Ia memaparkan, Desa Sangatta Utara diproyeksikan sebagai pusat pengembangan perekonomian. Kelurahan Teluk Lingga diarahkan pada pengembangan perikanan air tawar. Desa Swarga Bara difokuskan pada penguatan UMKM batik, sedangkan Desa Singa Gembara dikembangkan sebagai kawasan berbasis potensi kebudayaan.
Namun demikian, Hasdiah mengakui pengembangan tersebut masih terkendala pemenuhan kebutuhan dasar infrastruktur dan sarana penunjang. Berdasarkan laporan yang diterima, sekitar lima RT di Desa Sangatta Utara belum teraliri listrik dan sekitar 20 RT belum terlayani PDAM. Di Desa Singa Gembara, sekitar lima RT belum menikmati akses air bersih dan listrik, sementara di Swarga Bara sekitar tujuh RT mengalami kondisi serupa.
“Setiap RT rata-rata dihuni lebih dari 50 warga. Ironisnya, kita berada di tengah kota tetapi masih ada masyarakat yang belum menikmati listrik dan air bersih,” ungkapnya.
Selain persoalan infrastruktur dasar, pemerintah kecamatan juga menyoroti penataan ruang dan ketertiban umum. Menurut Hasdiah, masih ditemukan pedagang kaki lima (PKL) yang berjualan di badan jalan hingga menutup saluran drainase, sehingga menghambat pembersihan dan berpotensi menimbulkan genangan.
Permasalahan lain yang menjadi perhatian adalah belum meratanya Tempat Pembuangan Sementara (TPS), yang berdampak pada penumpukan sampah di sejumlah titik, termasuk median jalan. Pemerintah kecamatan juga menempatkan penanganan stunting dan keluarga berisiko stunting sebagai prioritas dalam peningkatan kualitas sumber daya manusia.
Di sisi lain, Sangatta Utara juga belum memiliki Ruang Terbuka Hijau (RTH) yang representatif. Hasdiah menyinggung kawasan STQ atau Taman Bersemi yang merupakan aset kecamatan, namun hingga kini belum menunjukkan perkembangan signifikan.

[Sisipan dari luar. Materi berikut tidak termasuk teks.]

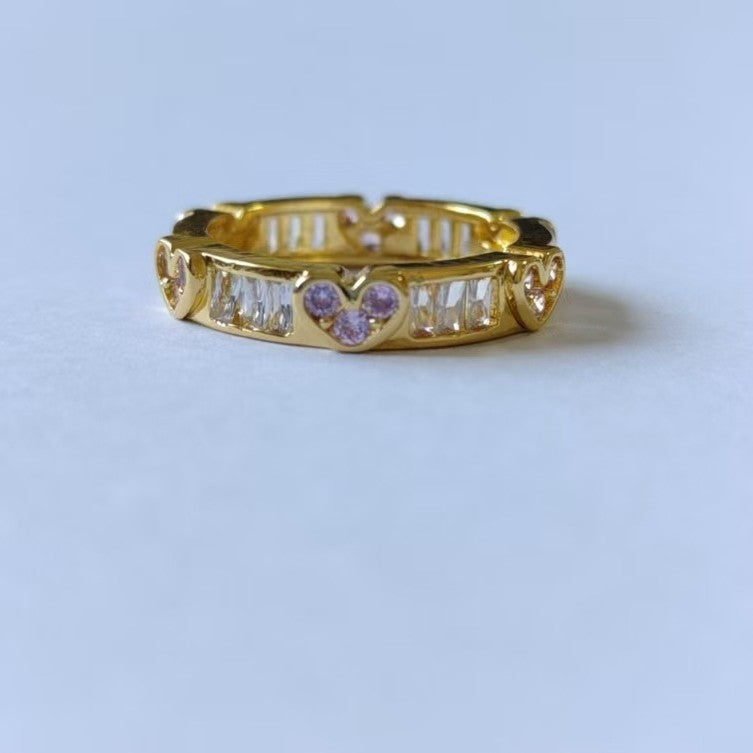 Vintage Handmade Ring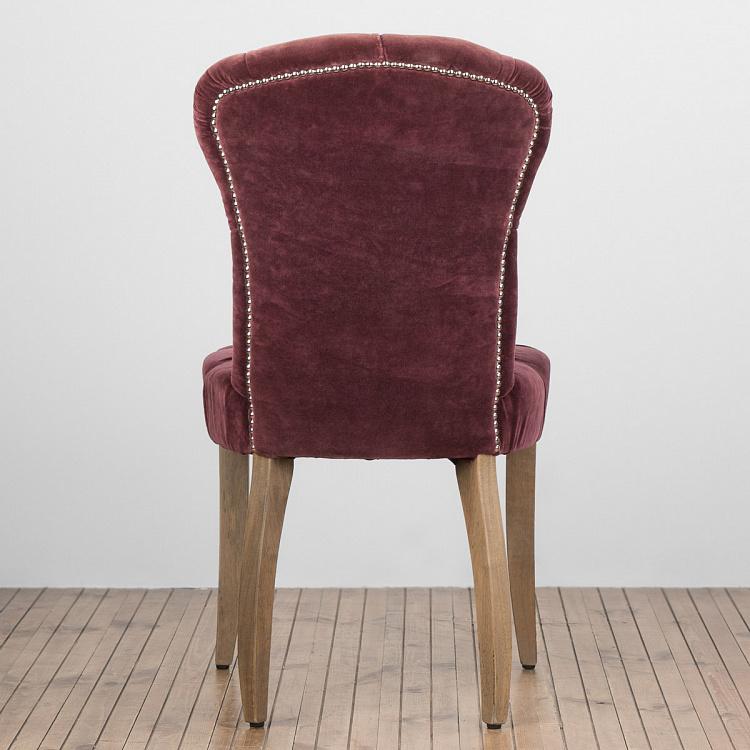 Стул Честер, светлые ножки Chester Dining Chair, Weathered Wood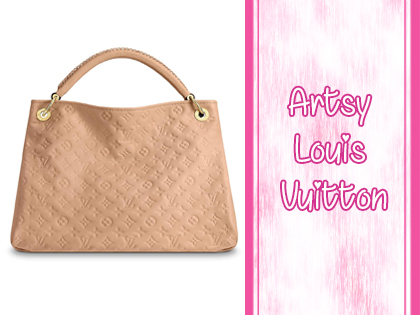 Bolso Artsy MM de Louis Vuitton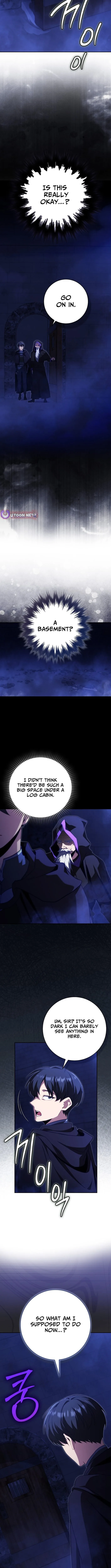 The Maxed-out Player Chapter 134 page 2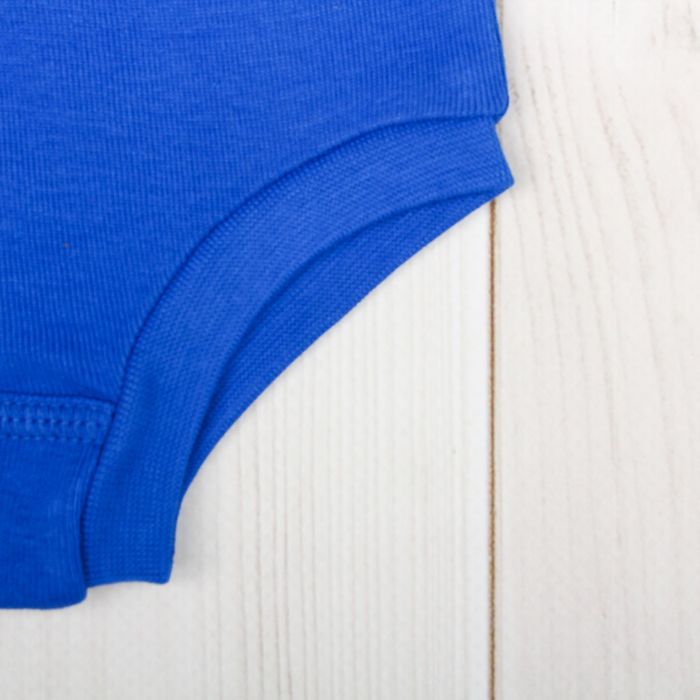 Трусы для мальчика, рост 68 см, цвет синий 122_М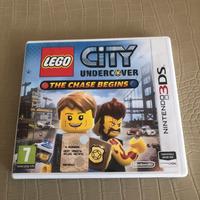 Lego city undercover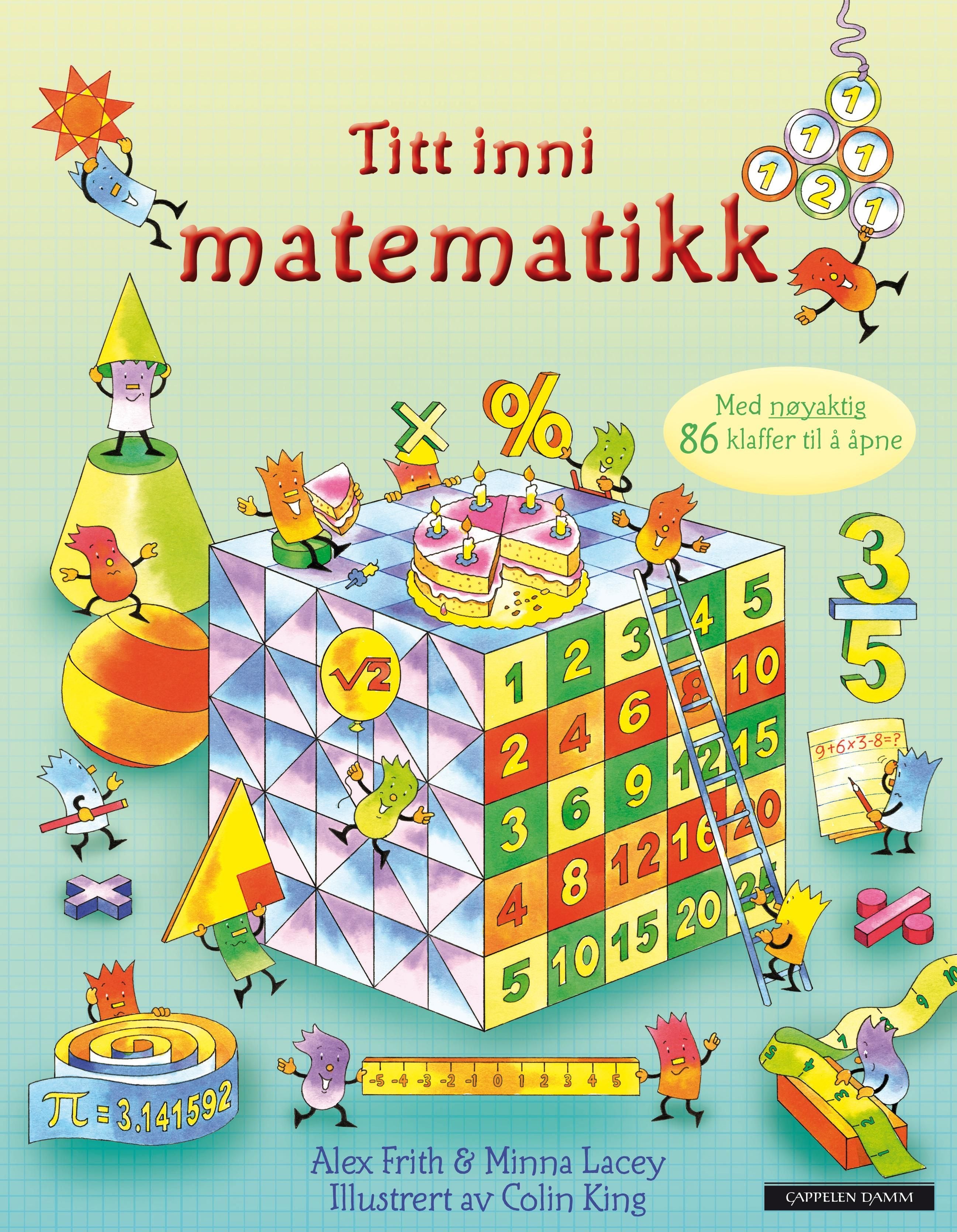 Titt inni matematikk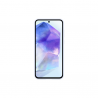 Samsung Silicone Cover Galaxy A55 Light Blue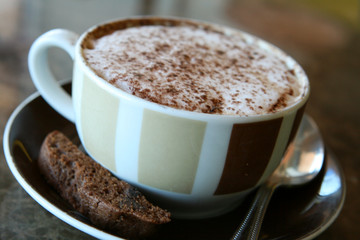 Cappuccino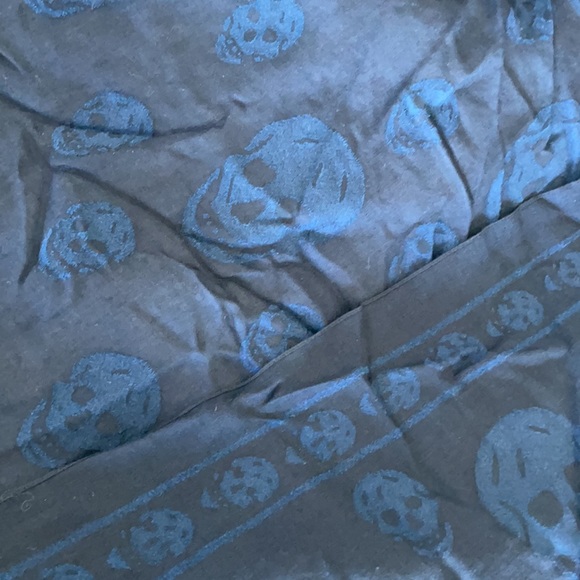 Alexander McQueen cashmere pashmina - Picture 3 of 3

“Dari pihak kecamatan sudah melakukan upaya sesuai kewenangan, namun masih diperlukan dukungan dan tindak lanjut dari instansi terkait,” ujarnya.
Musrenbang tahun ini mengusung tema “Transformasi Ekonomi Berkelanjutan melalui Penguatan Infrastruktur dan Sumber Daya Manusia yang Berdaya Saing Menuju Kutai Timur Sejahtera”. Forum tersebut menjadi wadah strategis untuk menyelaraskan usulan pembangunan dari desa dan kelurahan dengan prioritas serta kebijakan pemerintah daerah.
Hasdiah menegaskan tidak seluruh usulan dapat direalisasikan sekaligus karena keterbatasan anggaran. Oleh sebab itu, penetapan skala prioritas harus dilakukan secara bijak berdasarkan urgensi dan manfaat terbesar bagi masyarakat.
“Musrenbang diharapkan menghasilkan kesepakatan bersama terkait prioritas pembangunan yang benar-benar dibutuhkan masyarakat, baik di bidang pemerintahan, pembangunan manusia, perekonomian dan sumber daya alam, maupun infrastruktur kewilayahan,” pungkasnya.